De texto em texto, vou parar a um onde se destaca o projeto secularista do comunismo russo. Nele, os médicos soviéticos diagnosticavam o crente como um sofredor, uma pessoa atormentada por “sentimentos religiosos” crónicos.

Já encontrei, é claro, textos opostos, em que se propõe a “cura do ateu” por processos medicinais (um deles com banhos frios e choques elétricos, prática que se usava sobre militantes comunistas até no nosso país). Na velha União Soviética falava-se de pathologia religiosa quando se identificava  a fé religiosa no indivíduo, e o diagnóstico conduzia a “tratamento”, em especial no campo da psiquiatria. No velho Portugal do Velho, falava-se em subversão. As diferenças religiosas – ou as  questões de “género”, por exemplo –acabavam invariavelmente na manipulação do “doente” e (invariavelmente também) na sua morte ou incapacitação psicológica e/ou motora. Caso a caso o que identificamos é a prática continuada da violação de direitos humanos, da perseguição e repressão da liberdade religiosa, em suma um ataque aos seres humanos – e ao Humanismo de forma geral.

Ninguém se converte por decreto e se o medo algumas vezes anula a exteriorização do que se sente, está para nascer o primeiro crente feito pela arma apontada. Os radicais devem torcer-se de vergonha ao perceberam que nunca converteram ninguém ao seu Deus (ou à Sua ausência).
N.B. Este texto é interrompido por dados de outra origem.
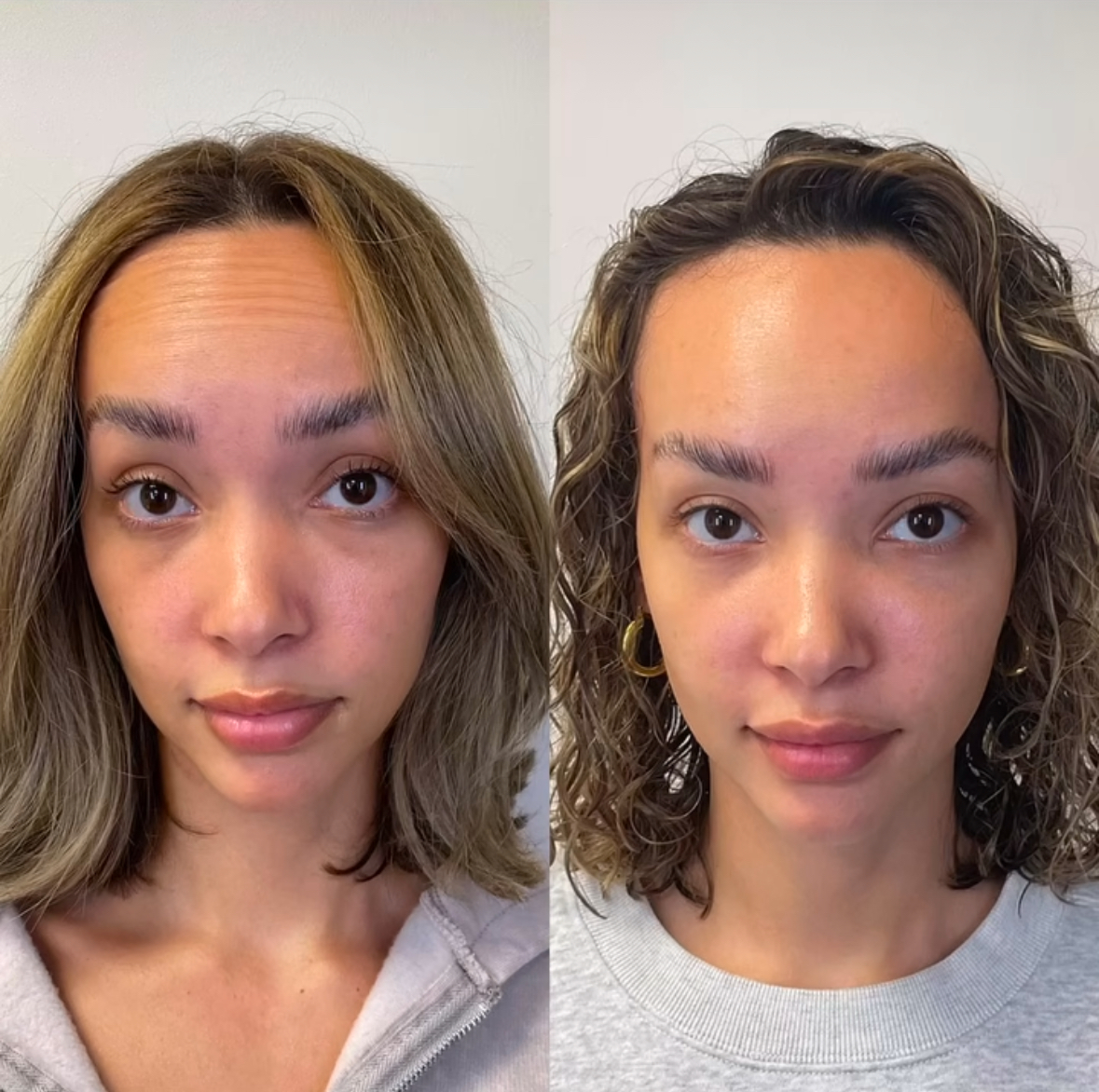 Botox before and after β dramatic forehead and frown line correction, male client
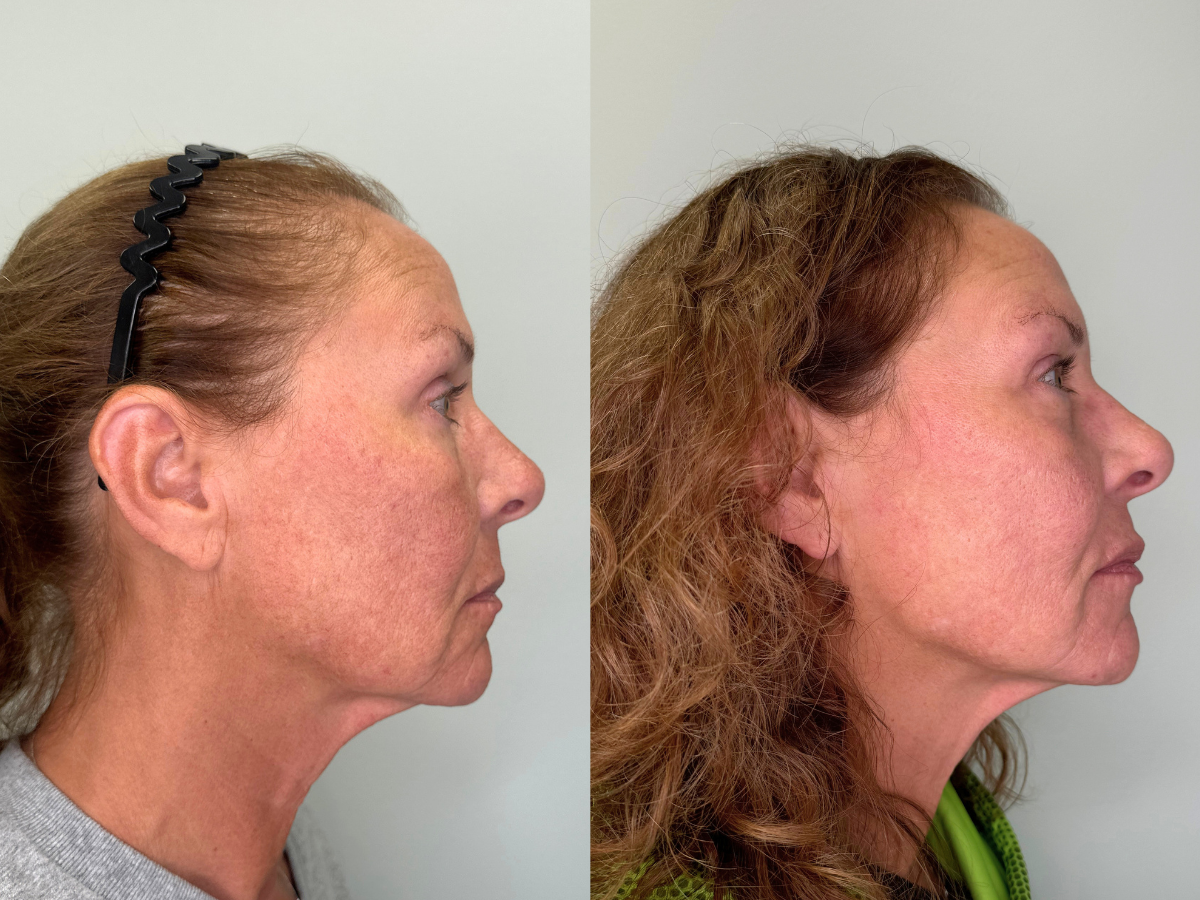 Side-by-side comparison of a woman's face before and after a cosmetic procedure, showing improved skin tone and texture.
O proselitismo é a face antiética de uma vida livre capaz de opções totais. Há cem anos, a utopia de uma sociedade livre e laica fazia nascer a distopia de uma sociedade de hospícios e de tumbas. A história está cheia desses exemplos. Basta que a um outro se lhe oponha, julgando ambos serem a verdade (ou representantes da divindade das suas melhores alegrias e boa intenções).